# The Character with Amnesia!



## Burst (Aug 26, 2012)

Okay, so I'm thinking of writing my next novel in first person, but my main character is suffering from amnesia so I was wondering how I would go about doing that? It seems a bit tricky and I've been trying to think of ways to do it, but I always fail. So can you guys give me any tips?


----------



## Chilari (Aug 26, 2012)

Research amnesia. The kind of amnesia you read a lot about in fantasy is actually really rare (which is why, when it happens, you often hear about it in the news or in documentaries); more common is forgetting a period of time - anything from a few hours to several weeks - due to injury, stress, shock and so on. And not just the hard facts side of things, but testimonials of people who have experienced it too.

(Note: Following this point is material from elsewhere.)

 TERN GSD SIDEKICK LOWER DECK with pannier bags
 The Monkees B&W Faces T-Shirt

In fact, before you research amnesia, consider why your story needs it, or indeed if it needs it. If you can still tell the story without it, cut it. Why? Because amnesia is used an awful lot by writers who haven't researched it. I've read more than a few story-starts in the Showcase here and on other sites involving amnesiacs (and have written one or two myself, mostly in my younger years but more recently as an Oblivion fanfic, because frankly it calls for it; how else would you explain the player character inexplicably being locked up? Patrick Stewart never bothers to tell you) but only ever one amnesiac story that's published, and I've never heard that series mentioned by anyone but my sister (who bought the books for one of my birthdays) so I can't imagine it made it into the big time. So decide whether you want to keep this element and whether the story itself works.

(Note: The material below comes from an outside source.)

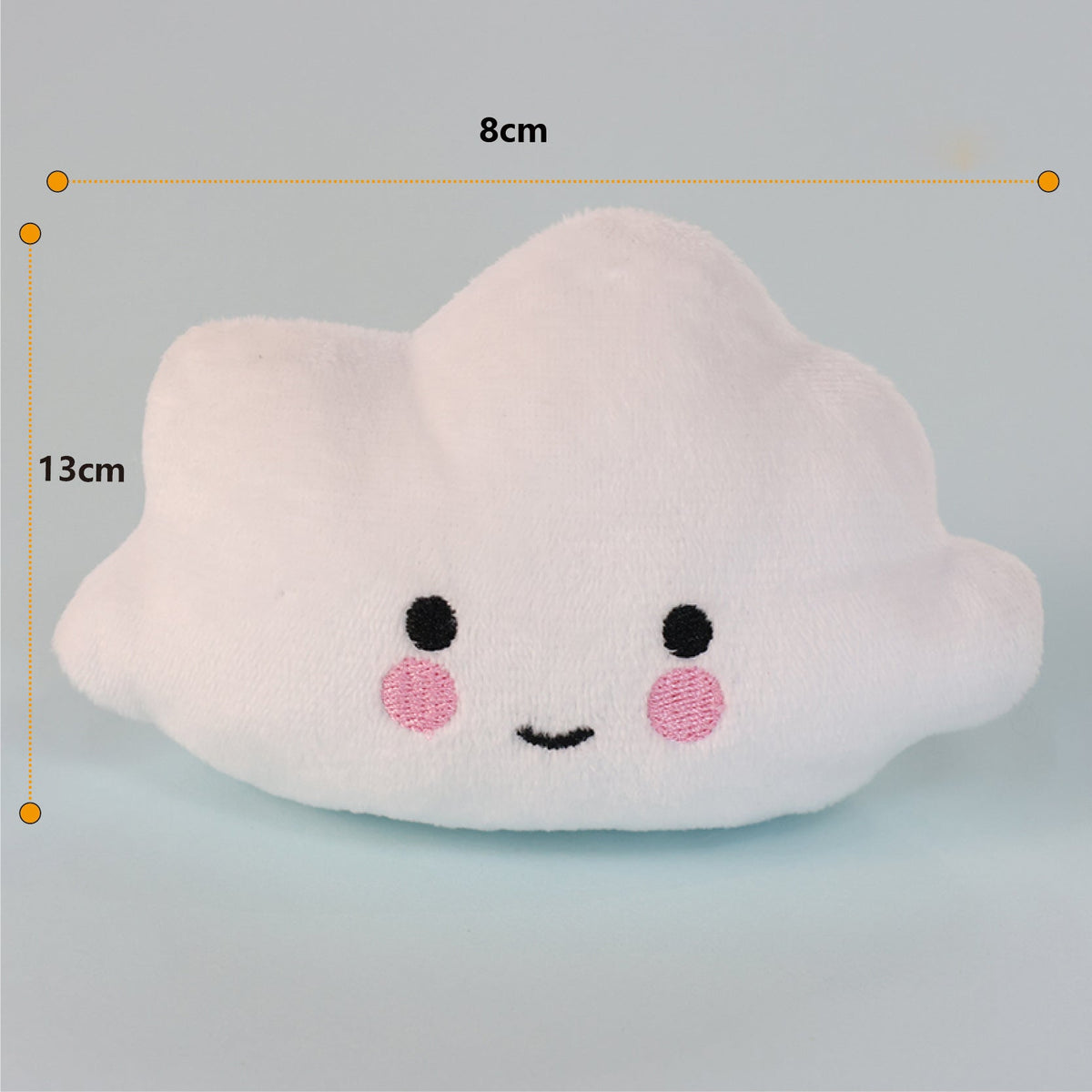 Plush Squeaky Dog Toy for Indoor Play and Happy Chewing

As for the actual writing of it, your research should help with that. And then just reat it like any other first person writing, just without memories of the amnesed period (that's totally a cromulent word) bearing in mind how your character will be feeling about the loss of memory, about meeting friends and family for the "first" time, about trying to remember, and anything else you get from testimonials.


----------



## Addison (Aug 26, 2012)

An amnesiac character is tricky if it's your protag and in first person. For my WIP I considered my hero to have amnesia but it just didn't fit with my story. But I did do extensive research. Some forms of amnesia are very temporary. One day, one week, one month, and they clear up by themselves. Most amnesias take longer and/or need triggers to recover. The recovery could take a while, like a line of dominos and the triggers could be something small. How someone brushes the hair from their face, the smell of coffee, a nervous habit etc. (50 First Dates is a great example of an amnesiac character) But here's something I've found interesting. While a person could forget their name, family, address and their personal life they retain their critical thinking skills. How to read, write, do math and anything they learned in school. Reflexes and physical talents from self defense to burping a baby are still remmebered by the body itself. Like the blow to the head got rid of the icons and gigabytes but forgot to wipe the hard drive.

As for writing an amnesiac character in the first person...first thing would be where on the head it hurts or something like that. The first part could be like a baby first learning to walk and then the character goes to the nearest sign of life. He or she is asked his name, if there's anyone the person can call, and that has character and reader realize amnesia.  But with this you really want to be careful about not letting something slip. 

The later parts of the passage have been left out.